Many families of transcription factors, including Sox, basic helix-loop-helix (bHLH), and LIM homeodomain or homeodomain-containing proteins, have been shown to control neurogenesis and neural cell-fate specification [3-7]. These factors are expressed in a highly cell-type specific manner and play instructive roles in cell-fate decision. They either stimulate or suppress transcription of their target genes in specific developmental contexts, likely through affecting chromatin landscapes. Nonetheless, little is known about the chromatin modifying factors that enable these transcription factors to control the expression of their target genes during CNS development.
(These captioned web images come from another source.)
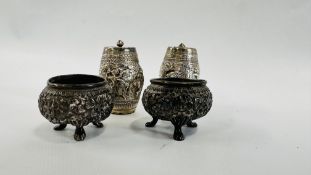 A PAIR OF INDIAN WHITE METAL PEPPER OF BARREL FORM AND A PAIR OF NON RELATED SALTS.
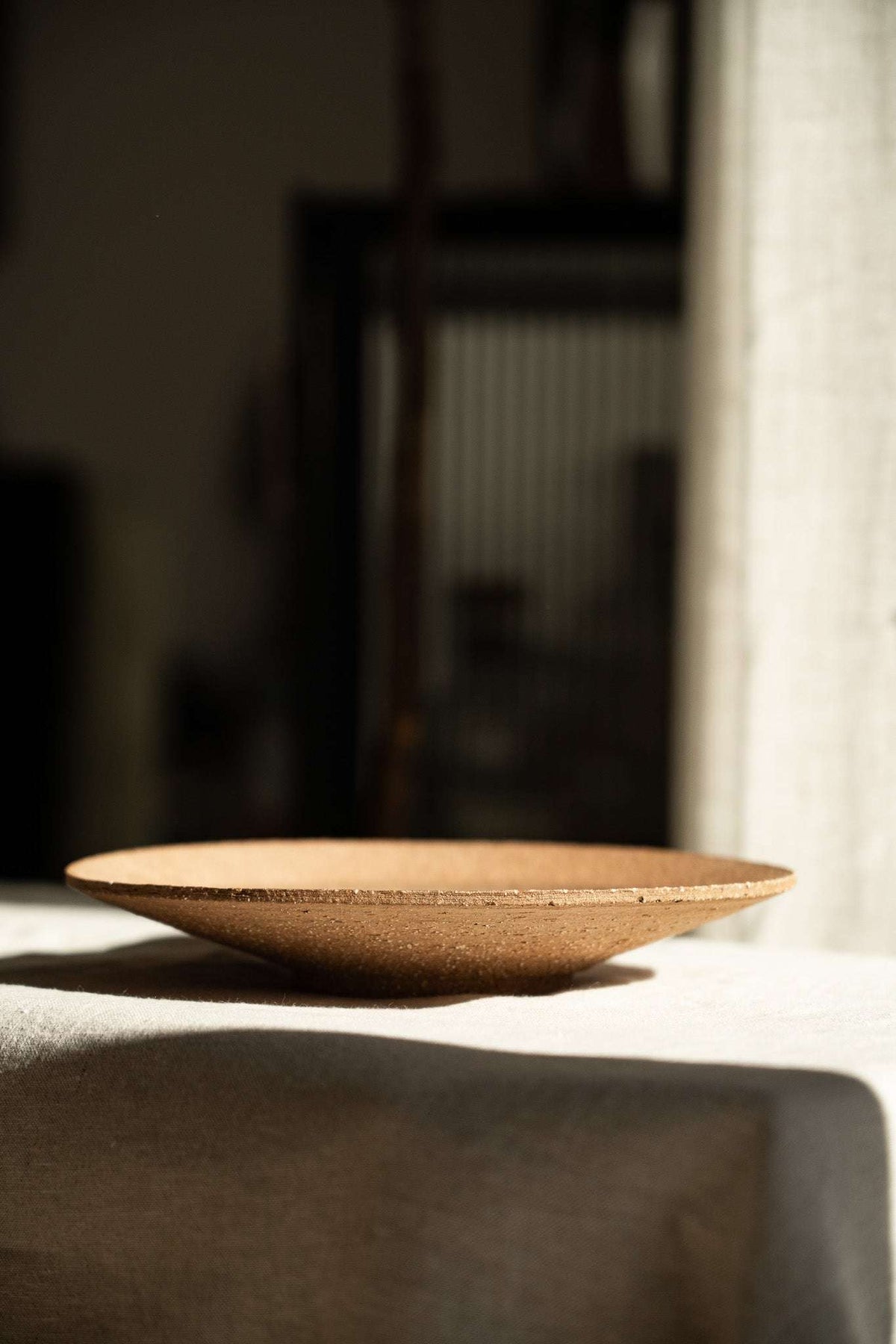 Handmade pinkish-red stoneware pedestal plate with speckles and glossy center glaze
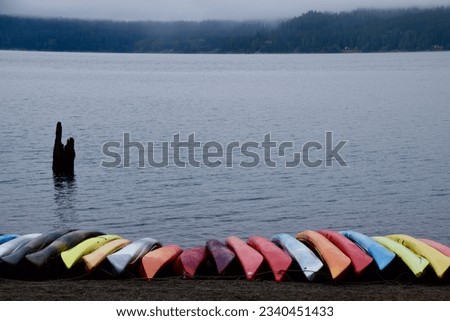 a row of colorful kayaks on the shore of the lake on a foggy morning with mountains in the background Royalty-Free Stock Photo #2340451433
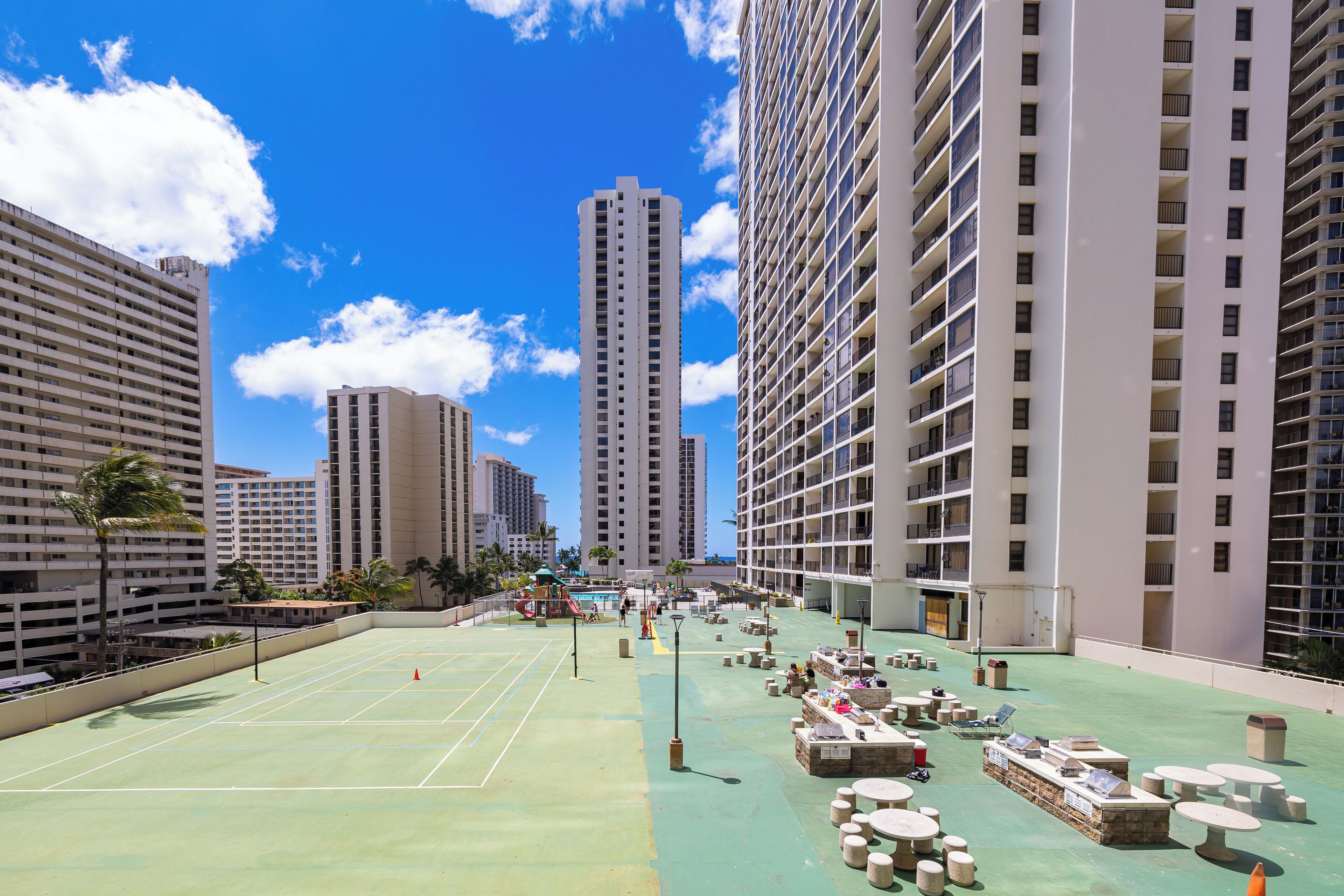 A rooftop tennis court with seating and a water slide.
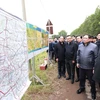 Thủ tướng Phạm Minh Chính xem bản đồ tuyến đường vành đai 4 vùng Thủ đô Hà Nội tại điểm xã Song Phương, huyện Hoài Đức. (Ảnh: Dương Giang/TTXVN)
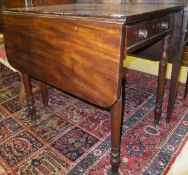 A mahogany Pembroke table on turned legs to brass castors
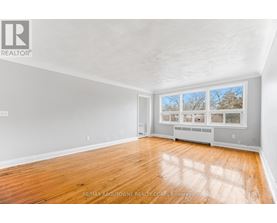 A spacious room with wooden flooring and a large window.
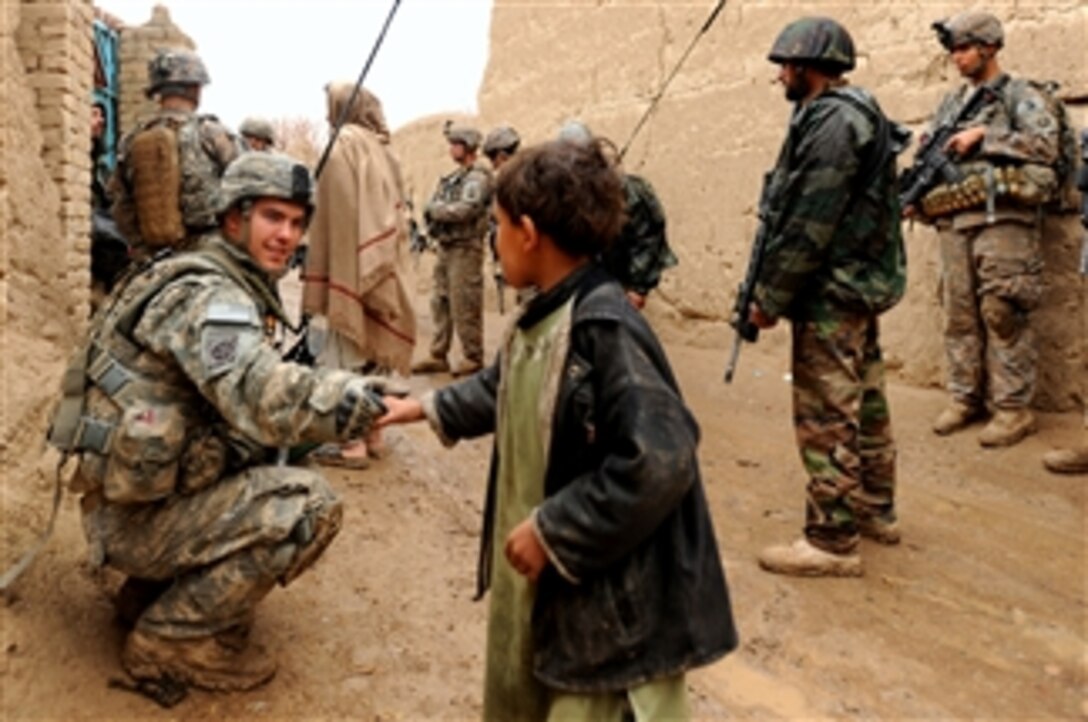 A U.S. Army soldier assigned to Charlie Company, 82nd Airborne Division shakes the hand of a young Afghan child while on a dismounted patrol at a village in southern Afghanistan on Feb. 5, 2010.  The U.S. Army and Canadian Forces Land Force Command are helping the Afghan National Army clear several villages of improvised explosive devices, weapons caches and illegal drugs.  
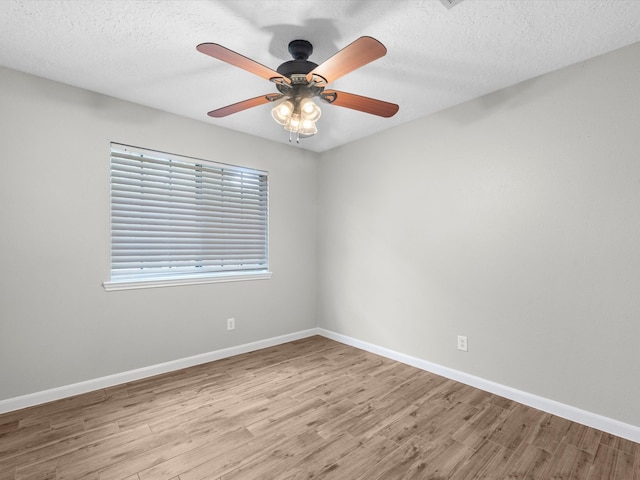 empty room with ceiling fan, hardwood / wood-style flooring, and a textured ceiling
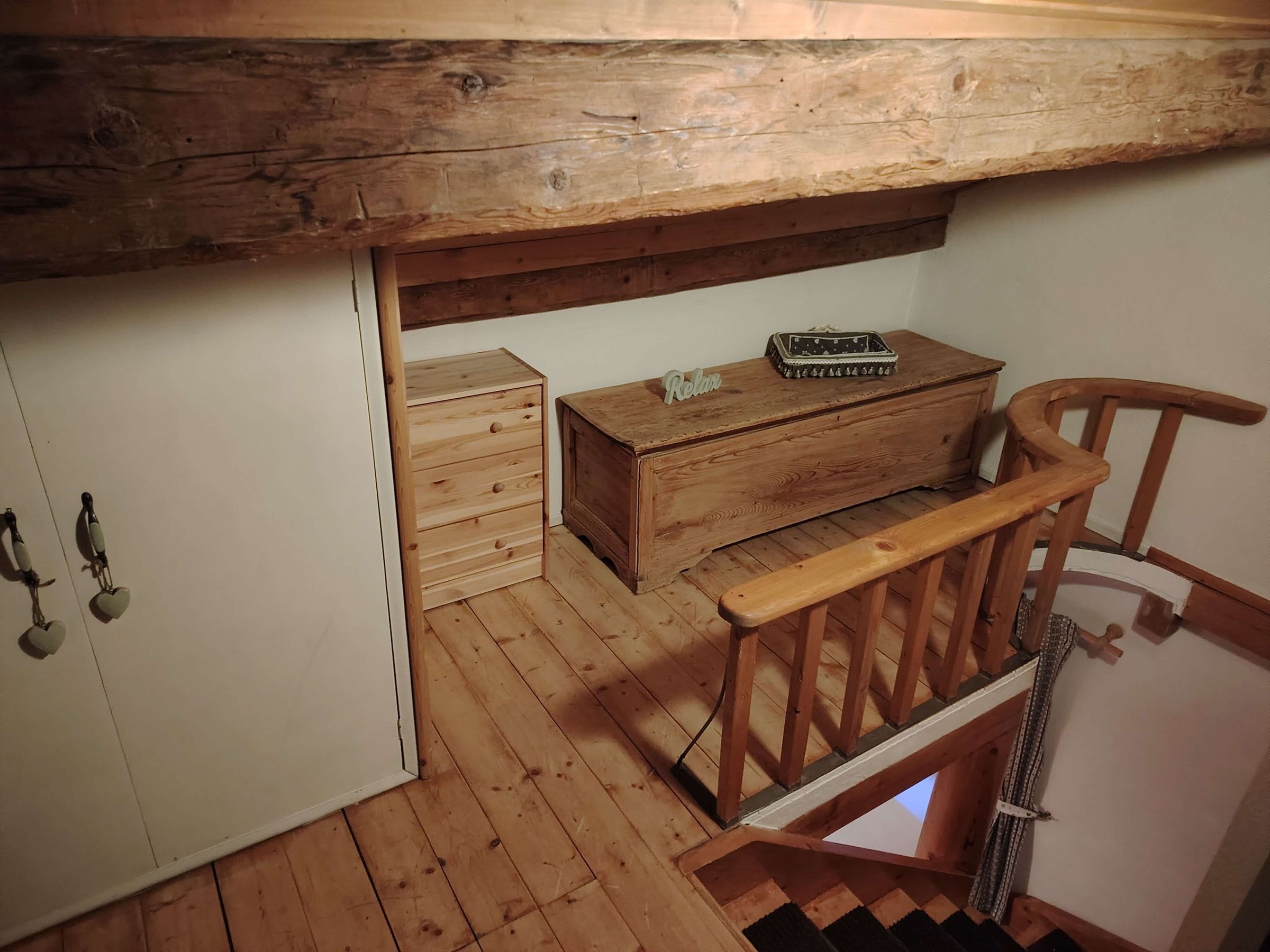 Dachgeschoss mit sichtbaren Balken und Holztruhe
For the last decade, rapid progress has been made in elucidating epigenetic regulation of gene expression. Epigenetic modifications include DNA methylation, post-translational modification of histone tails, nucleosomal remodeling, and modifications by small non-coding RNAs [8,9]. Historically, “epigenetics” has been defined as meiotically or mitotically heritable changes in gene expression that are not encoded in the primary DNA sequences. However, the recent studies expanded the definition of “epigenetics”, as many epigenetic modifications considered to be stable in the past turned out to be reversible.
The vast majority of eukaryotic genomic DNA is wrapped around a histone octamer core and compacted to form chromatin [10]. Chromatin is a highly dynamic environment that can alternate between transcriptionally repressive/structurally condensed and transcriptionally active/structurally accessible states, influencing gene expressions directly. The changes in chromatin architecture are often evoked by protein complexes that carry out covalent post-translational modifications of histones. The amino- and carboxy-terminal tails of histones H3, H4, H2A, and H2B are particularly susceptible to a variety of post-translational modifications, such as phosphorylation, acetylation, methylation, ubiquitylation, sumoylation, ADP-ribosylation, and glycosylation [11].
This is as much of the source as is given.